Desempenho Setorial: Todos os Ramos com Saldo Positivo Anual
Apesar da desaceleração geral e do forte impacto negativo em dezembro, a análise anual por ramos de atividade revela que todos os cinco setores pesquisados pelo Caged conseguiram fechar 2025 com um saldo positivo na geração de empregos formais. Essa resiliência setorial é um ponto crucial, indicando que, embora em menor ritmo, a capacidade de criação de vagas se manteve disseminada pela economia.
Os principais contribuintes para o saldo positivo foram:
Serviços Impulsionam a Geração de Vagas
O setor de Serviços liderou a criação de empregos, com 758.355 novos postos, demonstrando sua força como motor do mercado de trabalho. O Comércio também apresentou um saldo robusto, adicionando 247.097 vagas formais. A Indústria, abrangendo os segmentos de transformação, extração e outros, contribuiu com 144.319 novos empregos. A Construção Civil gerou 87.878 vagas, enquanto a Agropecuária adicionou 41.870 postos de trabalho ao longo do ano.
Destaques e Detalhes por Subsegmento
Aprofundando a análise setorial, observa-se que dentro do setor de Serviços, os segmentos de informação, comunicação e atividades financeiras, imobiliárias, profissionais e administrativas foram os que mais se destacaram, com a abertura de 318.460 postos formais. Além disso, a categoria que engloba administração pública, defesa e seguridade social, educação, saúde humana e serviços sociais também teve uma contribuição notável, gerando 194.903 vagas.
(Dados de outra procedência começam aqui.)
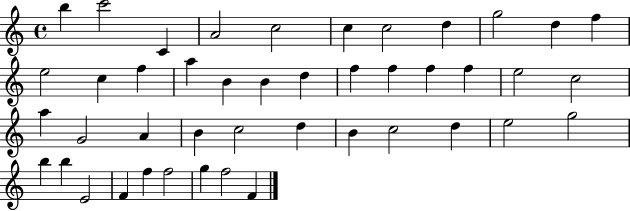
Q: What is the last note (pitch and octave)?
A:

No âmbito industrial, a indústria de transformação foi a principal força motriz, criando 114.127 postos de trabalho líquidos. Em seguida, o segmento de água, esgoto, atividades de gestão de resíduos e descontaminação se destacou com 14.346 novas vagas. A indústria extrativa também registrou uma contribuição positiva, com a adição de 9.554 vagas.
Distribuição Regional e Estadual do Emprego
A distribuição da criação de empregos formais em 2025 mostrou um crescimento generalizado em todo o território nacional, com todas as cinco regiões do país apresentando saldo positivo. A Região Sudeste liderou a geração de vagas, com 504.972 novos postos, seguida pelo Nordeste, que adicionou 347.940 empregos. A Região Sul registrou 186.126 vagas, enquanto o Centro-Oeste contribuiu com 149.530 e a Região Norte com 90.613 postos de trabalho.
No recorte por unidades da Federação, todos os estados brasileiros registraram saldo positivo no ano passado. Entre os destaques na criação de empregos estão São Paulo, com um acréscimo de 311.228 postos; Rio de Janeiro, com 100.920; e Bahia, com 94.380. Por outro lado, Tocantins (+7.416 postos), Acre (+5.058) e Roraima (+2.568) apresentaram os menores saldos positivos, evidenciando as diferentes dinâmicas regionais e estaduais do mercado de trabalho.
Perspectivas do Mercado de Trabalho em um Cenário Econômico Desafiador
O ano de 2025, embora tenha mantido a trajetória de crescimento do emprego formal, revela um cenário de cautela e menor dinamismo em relação ao período anterior. A criação de quase 1,28 milhão de vagas, mesmo com a acentuada desaceleração e um mês de dezembro particularmente desfavorável, demonstra uma capacidade de adaptação e resiliência do mercado de trabalho brasileiro. Contudo, as pressões macroeconômicas, como os juros altos e o ritmo de crescimento econômico, continuarão a ser fatores determinantes para a evolução do emprego formal nos próximos períodos. A manutenção de políticas que estimulem o investimento e a produtividade será crucial para reverter a tendência de desaceleração e impulsionar uma recuperação mais robusta do mercado de trabalho.